Dataset excerpt: Begin

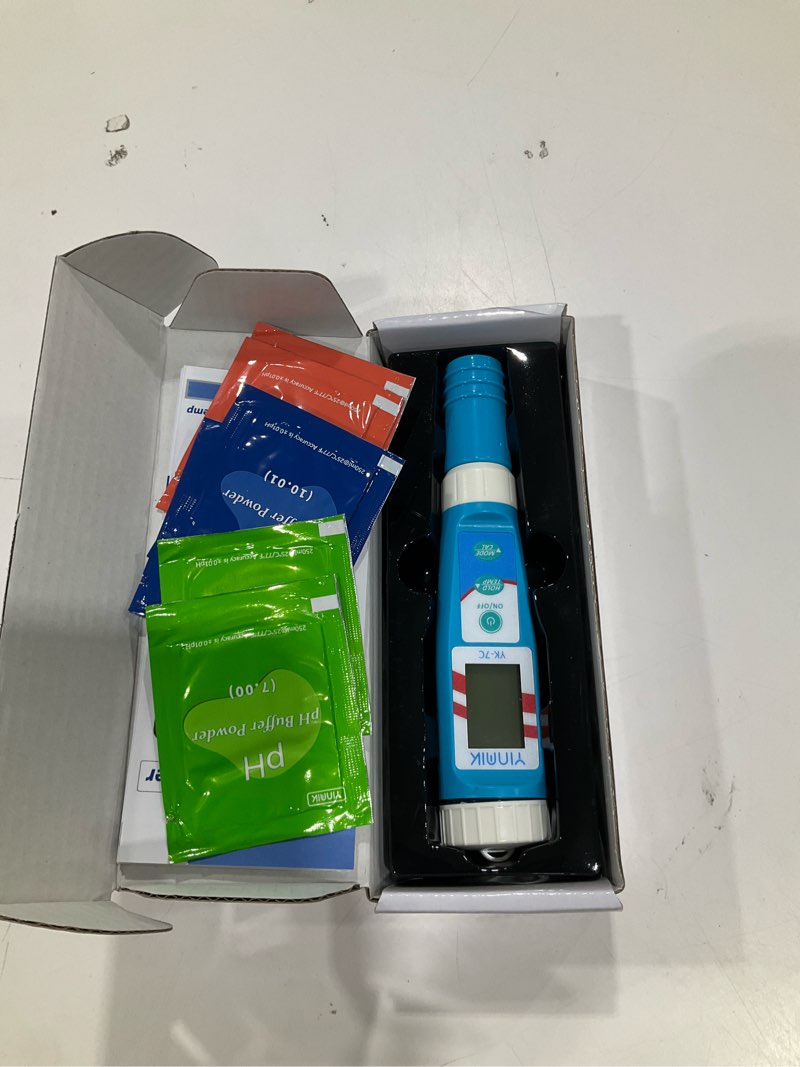Condition photo showing Good Condition for 7 in 1 chlorine meter digital chlorine ph tester salt ph meter for saltwater pool ph conductivity for hydroponic drink water tds meter yinmik ph chlorine salinity ec tds orp temp reader for aquarium blue ph meter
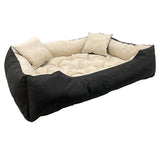 Cama para cães e gatos Ecco com almofada bege e preta, nylon impermeável, lavável para animais de estimação, material impermeável, tamanho interior: 40x30 / tamanho exterior: 55x45 cm, preto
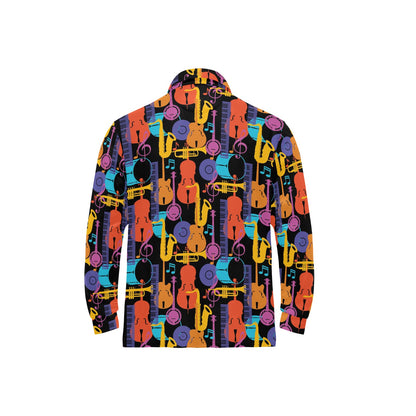 Jazz Pattern Print Design 03 Long Sleeve Polo Shirt For Men's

Dataset excerpt: End

# Task directions:
Every line of the data is to be transcribed exactly, and no picture is to be included.

# Task solution:
Condition photo showing Good Condition for 7 in 1 chlorine meter digital chlorine ph tester salt ph meter for saltwater pool ph conductivity for hydroponic drink water tds meter yinmik ph chlorine salinity ec tds orp temp reader for aquarium blue ph meter
 Cama para cães e gatos Ecco com almofada bege e preta, nylon impermeável, lavável para animais de estimação, material impermeável, tamanho interior: 40x30 / tamanho exterior: 55x45 cm, preto
 Jazz Pattern Print Design 03 Long Sleeve Polo Shirt For Men's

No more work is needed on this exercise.